Statutory Wills for minors
Testamentary capacity is the legal term used to describe an adult’s legal and mental ability to make a valid Will. Minors are presumed to lack capacity and cannot make a Will.
The Court has found that in some cases it is beneficial to authorise a minor to make a Will so that their estate does not “suffer the consequences which would follow if [they] were to die intestate”, as was the case in Re K.
Intestate simply means someone who dies without a valid Will. When someone dies without a valid Will, their estate is distributed in accordance with a formula set by legislation.
In the case of Re K, the minor was set to inherit a large sum of money awarded through a personal injuries claim. K was estranged from his father and had lived with, and been cared for by, his mother his whole life.
If K were to have died intestate, his estate would pass equally to his mother and father.

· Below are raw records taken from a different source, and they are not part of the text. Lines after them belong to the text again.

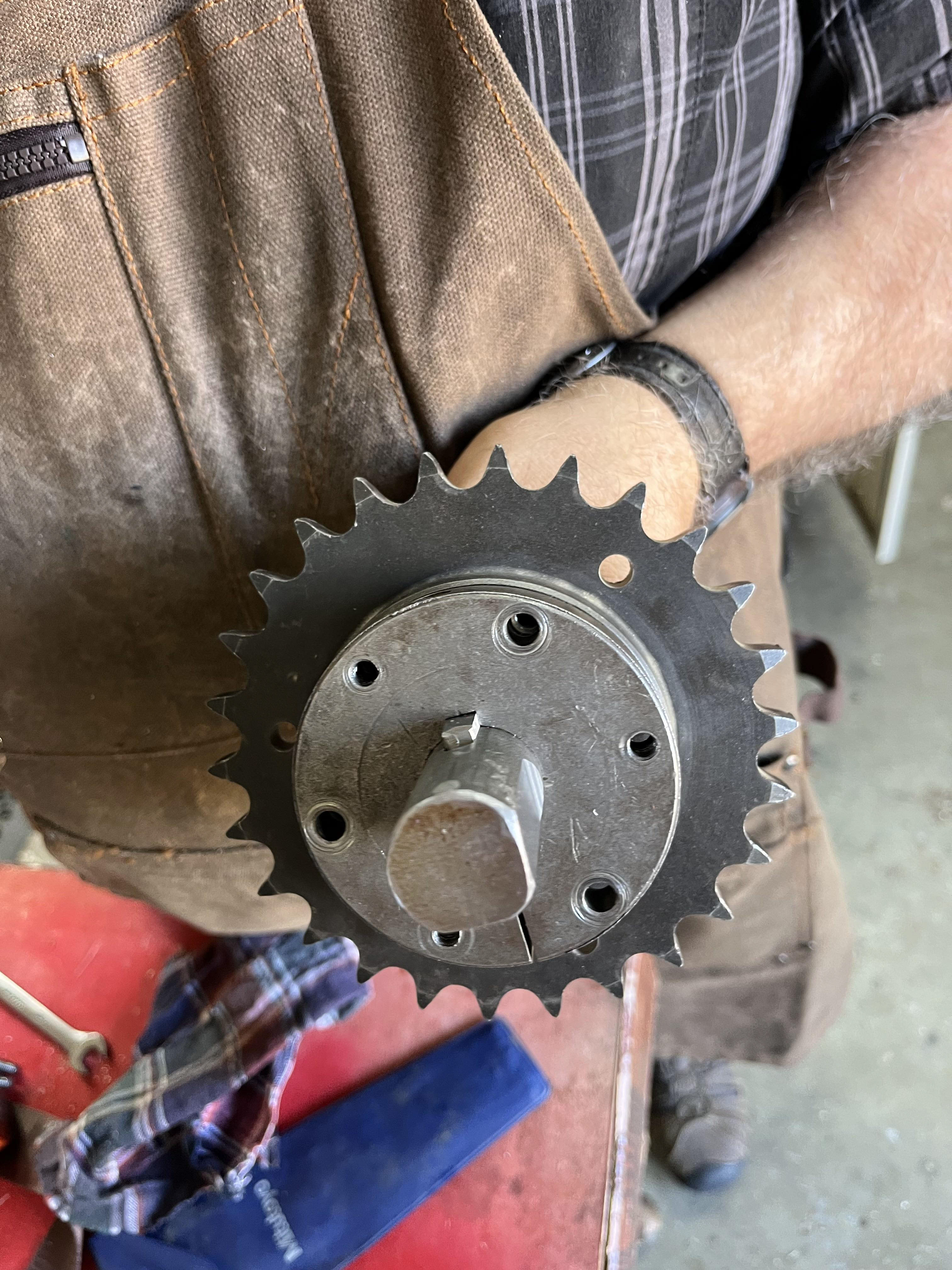 "In Class Shaft" - cut a keyway for a sprocket to sit behind the handle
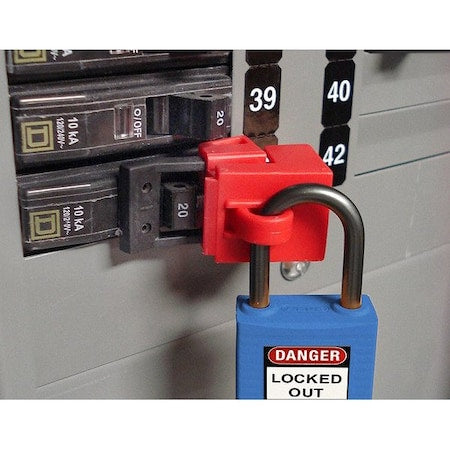 Brady 65965 - Clamp-On Breaker Lockout, Single Pole, Red, 120/277 V AC, Pack 6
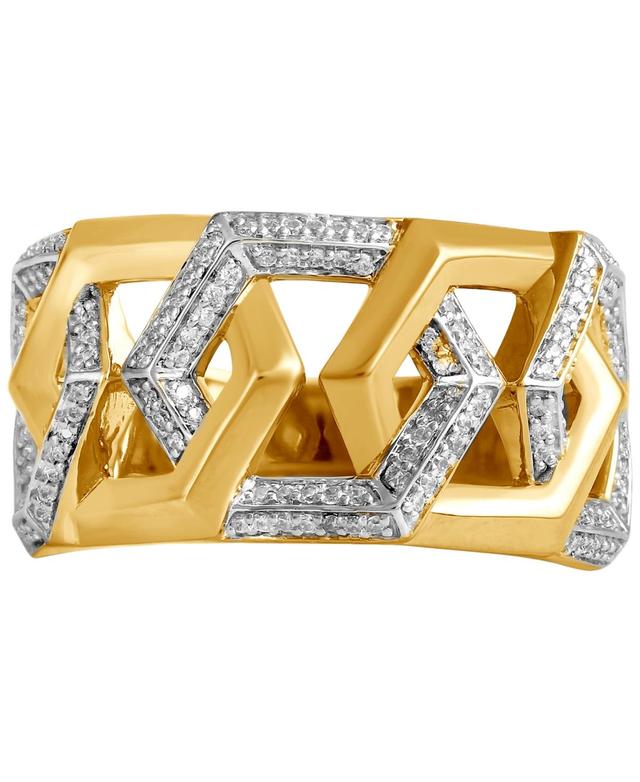 Mens Diamond Hexagon Link Inspired Ring (1/2 ct. t.w.) 18k Gold-Plated Sterling Silver Product Image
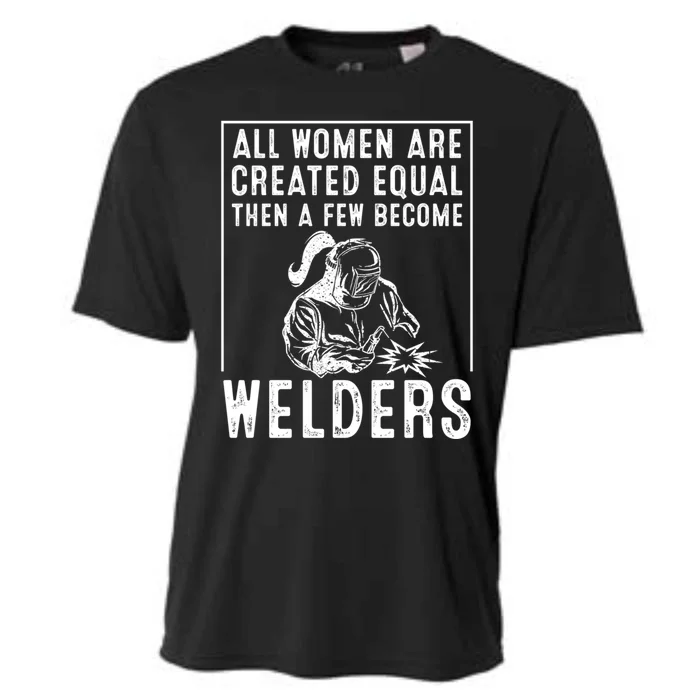 Funny Female Welder Gift Cool Proud Metalworkers Gift Cooling Performance Crew T-Shirt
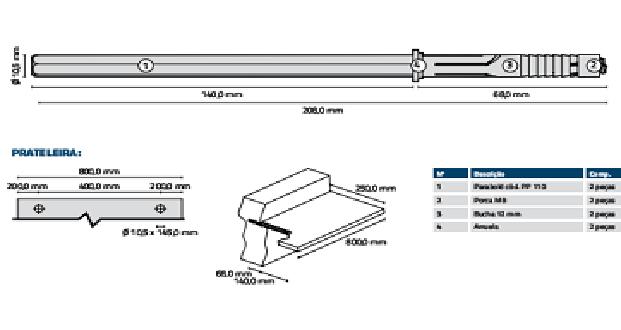 suspensa QPS 1000 / 45KG Quadro para pasta suspensa QPS 800 / 35KG Quadro para pasta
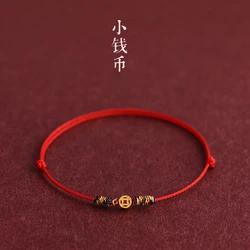 Handmade Braided Red Rope Bracelet Chinese Lucky Copper Coins Red String Bracelet for Women Men  Adjustable Charm Jewelry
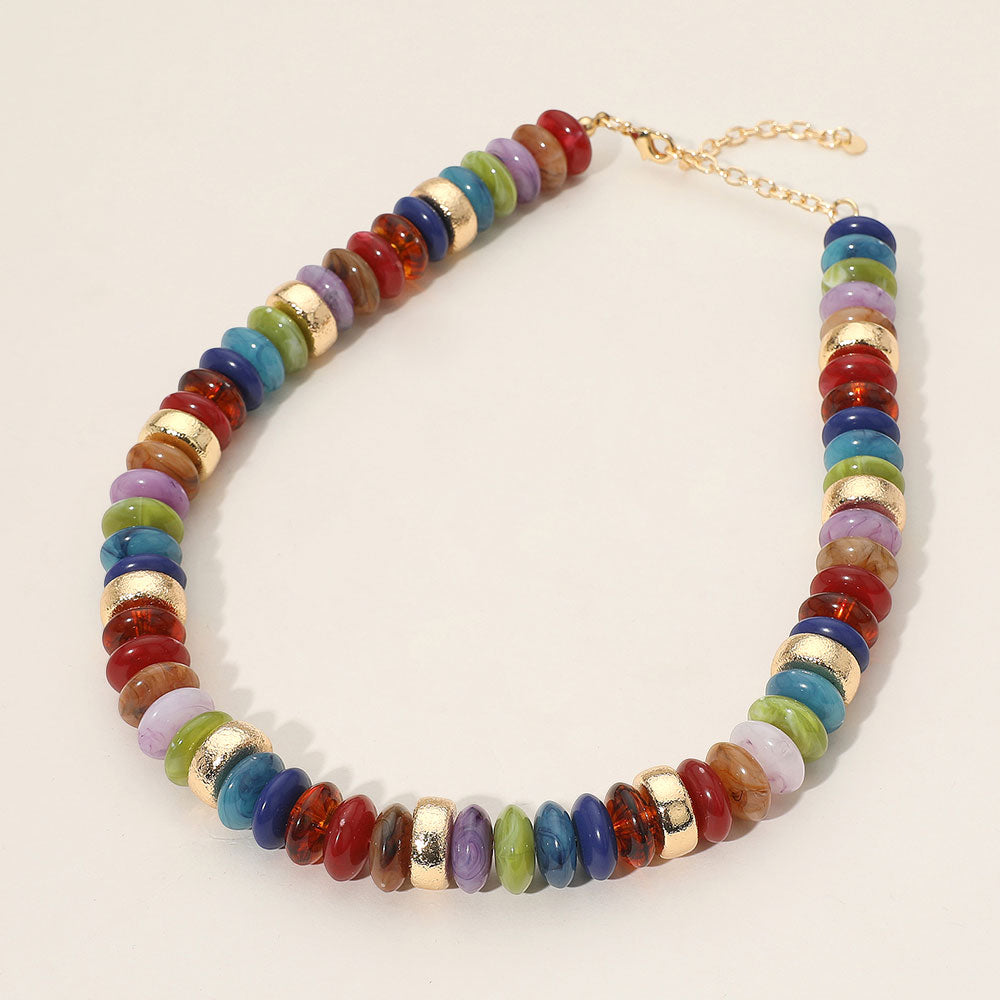 Chunky Resin Disc Beaded Necklace in Gold & Multi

This was not in line with his wishes.
Granting statutory Wills for minors is slightly different to granting statutory Wills to those who have lost, or never had, capacity. The Court must be satisfied that:
- The minor understands the nature and effect of the proposed Will, or the alteration or revocation of the Will;
- That the Will accurately reflects the intentions of the minor; and
- It is reasonable in all the circumstances that the order should be made.
In all states except Western Australia and South Australia, the Court must also be satisfied that the minor understands the extent of any property disposed of under the proposed Will or alteration.
In Re K, the Court was satisfied that the proposed testator had considered and understood what the Will contained, what people he needed to consider as possible beneficiaries, and the ultimate function of the Will. The Court approved the making of the Will.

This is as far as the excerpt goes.